Mxolisi Nkosi (born 26 June 1967), in Soweto, South Africa is the Ambassador and Permanent Representative of South Africa to the United Nations in New York.

He served as the Ambassador and Permanent Representative of South Africa to the United Nations in Geneva and Other International Organisations in Switzerland. He has served in several senior positions in the Foreign Ministry of post-Apartheid South Africa. Between February 2012 and March 2016 was the South African Ambassador to the Kingdom of Belgium, the Grand Duchy of Luxembourg and the Head of Mission to the European Union. Until his appointment as South Africa’s Ambassador to the United Nations in Geneva, he was the Head of Global Governance and Continental Agenda in the South African Foreign Ministry, and President Cyril Ramaphosa’s Sherpa to G7 Outreach Sessions.

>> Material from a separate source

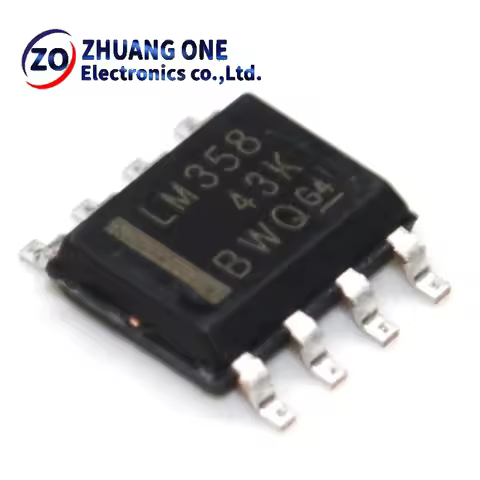 (10piece)100% New LM358DR SOP LM358D SOP8 LM358 SOP-8 SMD Chipset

An expert in the field of international relations and diplomacy, Nkosi previously headed Africa Branch in the Foreign Ministry. He has travelled extensively throughout the world and in Africa, and accompanied high-level delegations of former President Thabo Mbeki, President Jacob Zuma, former Foreign Ministers Nkosazana Dlamini-Zuma and Maite Nkoana-Mashabane, and now President Cyril Ramaphosa and Minister Naledi Pandor.

==Previous work==
Before joining the government, Nkosi was a trade union leader, where he served as the Deputy General Secretary of the South African Democratic Teachers Union (SADTU), an affiliate of the Congress of South African Trade Unions (COSATU). At the same time he was also a member of the Provincial Executive Committee of the South African Communist Party (SACP). Nkosi was a student and youth activist in Soweto, occupying several leadership positions in the Azanian Students' Congress (AZASO) and in the South African Students' Congress (SANSCO). Trained as a teacher, Nkosi holds a Master's degree in International Relations and Diplomacy.